Requirement: Print every record below exactly as it stands, but leave out the pictures.

Short text fragments from websites:
• • • •
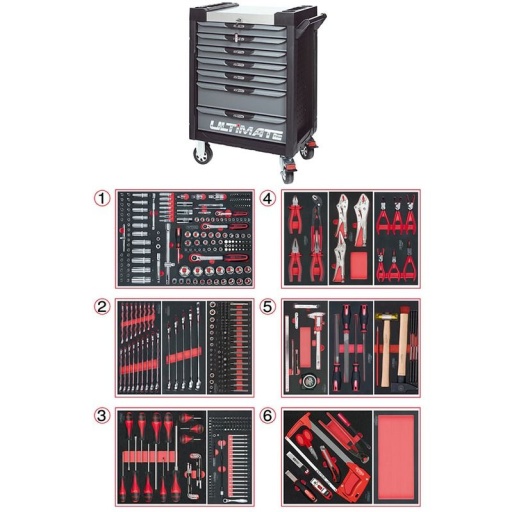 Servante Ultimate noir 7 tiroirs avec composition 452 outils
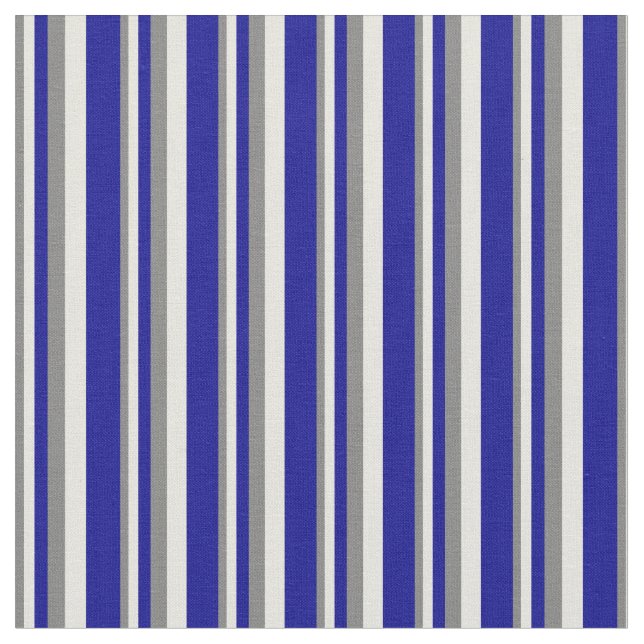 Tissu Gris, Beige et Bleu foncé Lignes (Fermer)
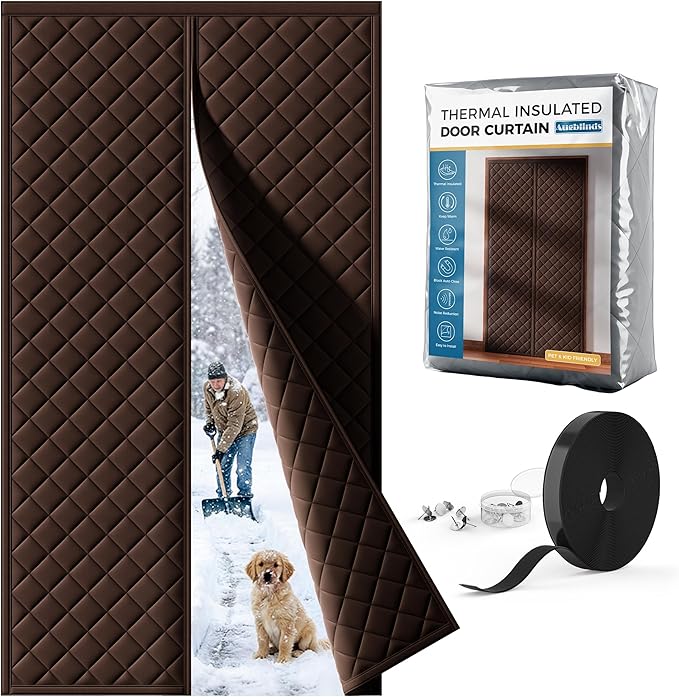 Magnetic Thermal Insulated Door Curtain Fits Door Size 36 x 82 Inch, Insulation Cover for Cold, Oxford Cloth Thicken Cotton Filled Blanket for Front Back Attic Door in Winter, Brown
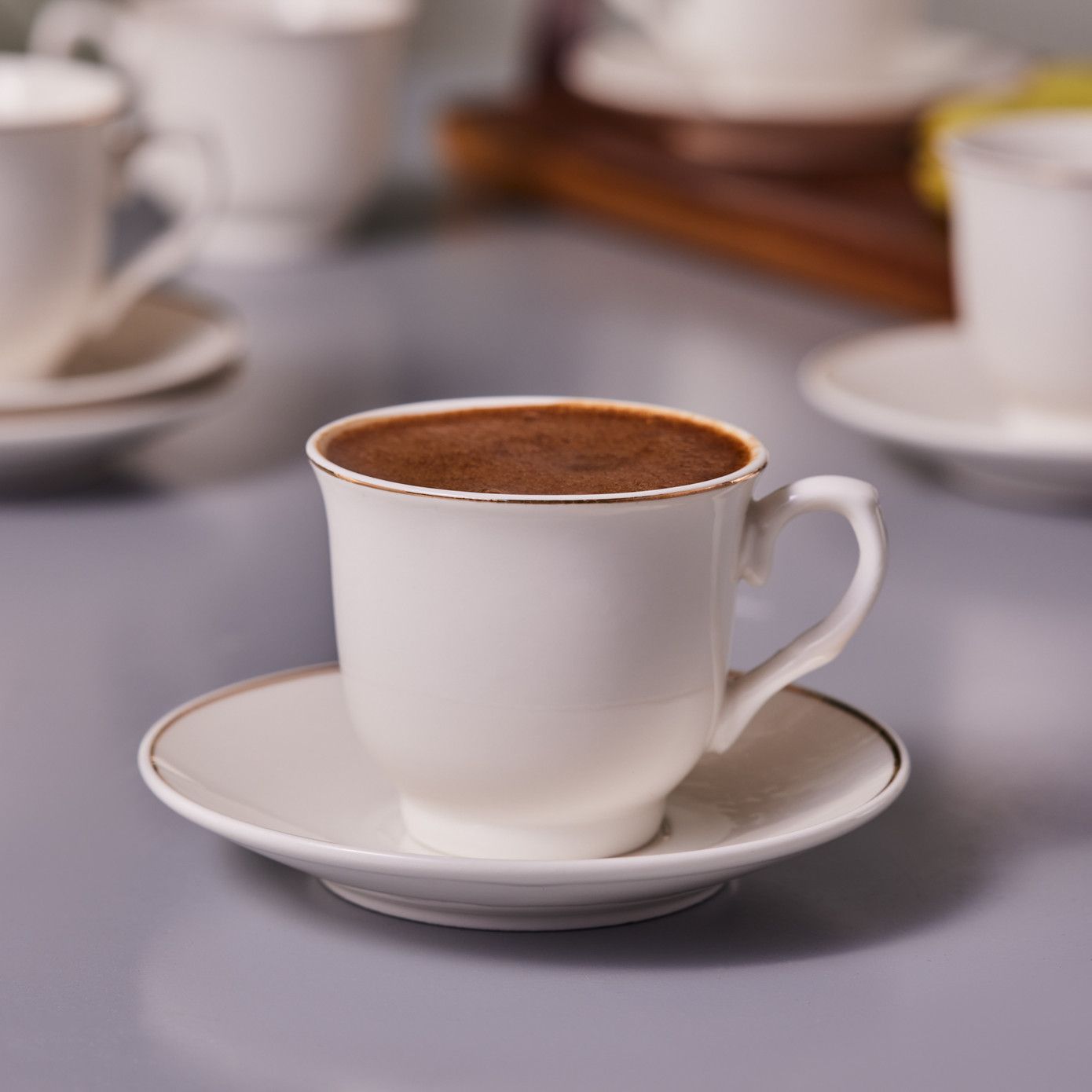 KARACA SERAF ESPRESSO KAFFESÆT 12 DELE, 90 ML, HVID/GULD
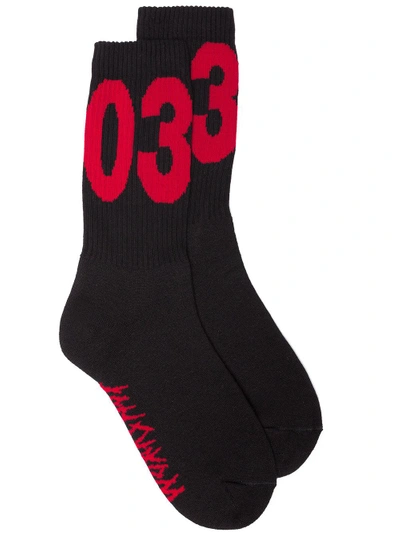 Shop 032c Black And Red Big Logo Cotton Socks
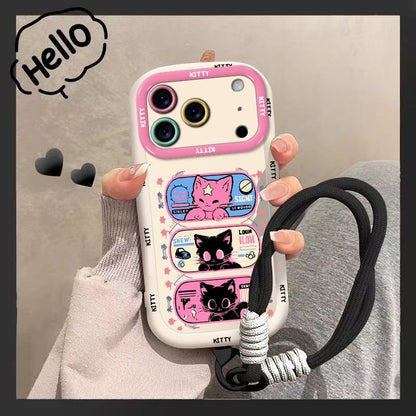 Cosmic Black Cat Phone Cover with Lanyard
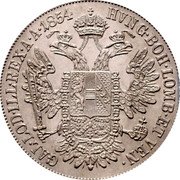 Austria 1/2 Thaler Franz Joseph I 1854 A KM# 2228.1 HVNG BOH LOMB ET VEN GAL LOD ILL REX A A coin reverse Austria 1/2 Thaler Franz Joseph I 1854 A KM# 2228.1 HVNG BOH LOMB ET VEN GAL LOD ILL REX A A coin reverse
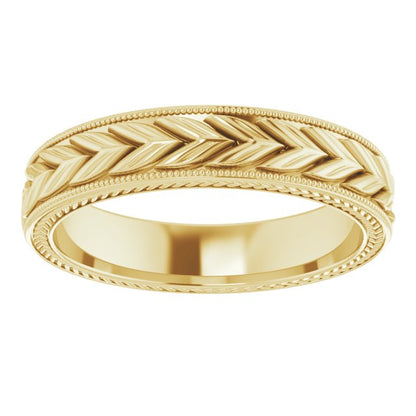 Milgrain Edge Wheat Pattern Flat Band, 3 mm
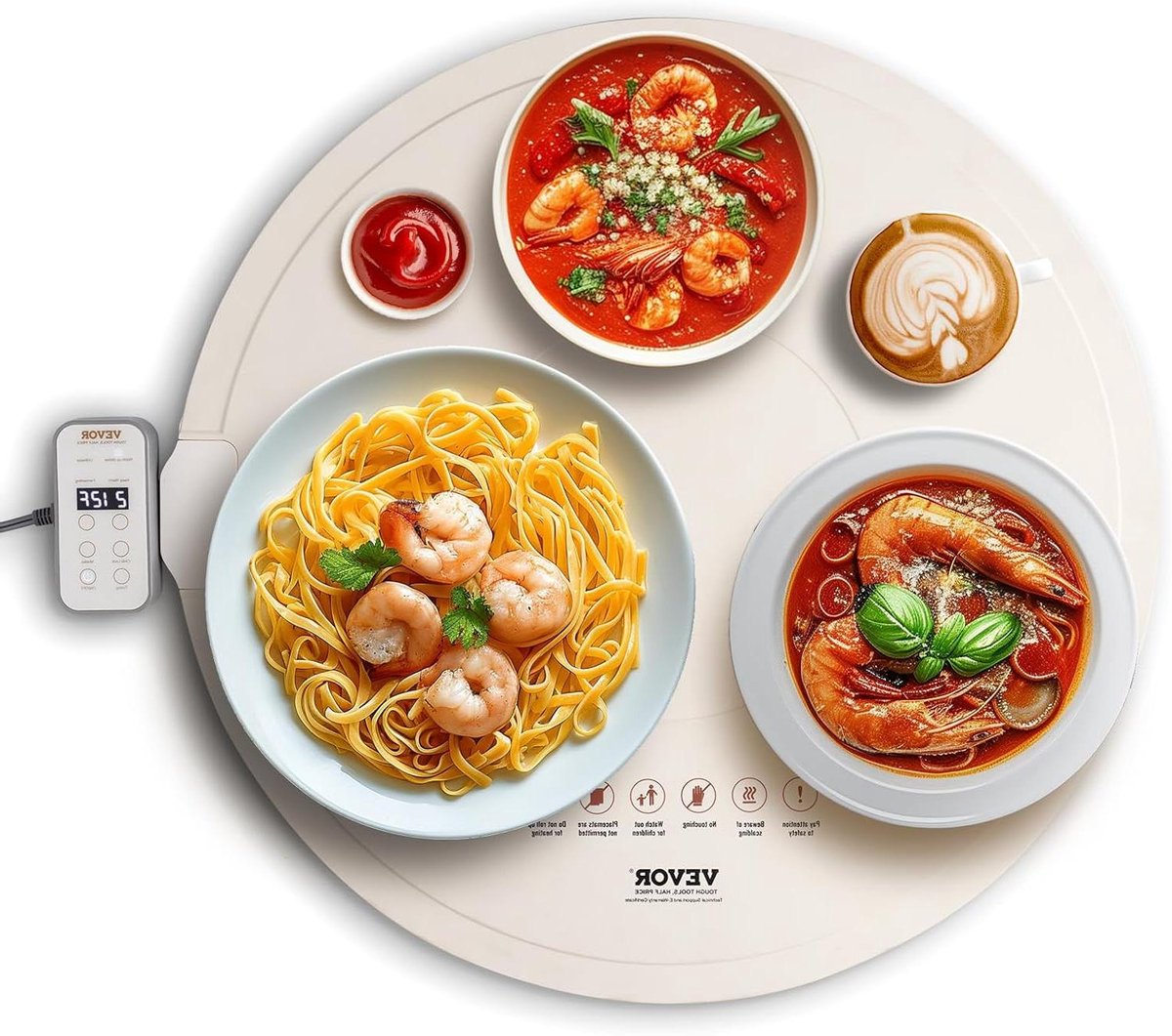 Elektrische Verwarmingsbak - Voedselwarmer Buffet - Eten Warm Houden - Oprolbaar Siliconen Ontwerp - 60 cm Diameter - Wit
• • • •
Reply:
 Servante Ultimate noir 7 tiroirs avec composition 452 outils
 Tissu Gris, Beige et Bleu foncé Lignes (Fermer)
 Magnetic Thermal Insulated Door Curtain Fits Door Size 36 x 82 Inch, Insulation Cover for Cold, Oxford Cloth Thicken Cotton Filled Blanket for Front Back Attic Door in Winter, Brown
 KARACA SERAF ESPRESSO KAFFESÆT 12 DELE, 90 ML, HVID/GULD
 Shop 032c Black And Red Big Logo Cotton Socks
 Cosmic Black Cat Phone Cover with Lanyard
 Austria 1/2 Thaler Franz Joseph I 1854 A KM# 2228.1 HVNG BOH LOMB ET VEN GAL LOD ILL REX A A coin reverse Austria 1/2 Thaler Franz Joseph I 1854 A KM# 2228.1 HVNG BOH LOMB ET VEN GAL LOD ILL REX A A coin reverse
 Milgrain Edge Wheat Pattern Flat Band, 3 mm
 Elektrische Verwarmingsbak - Voedselwarmer Buffet - Eten Warm Houden - Oprolbaar Siliconen Ontwerp - 60 cm Diameter - Wit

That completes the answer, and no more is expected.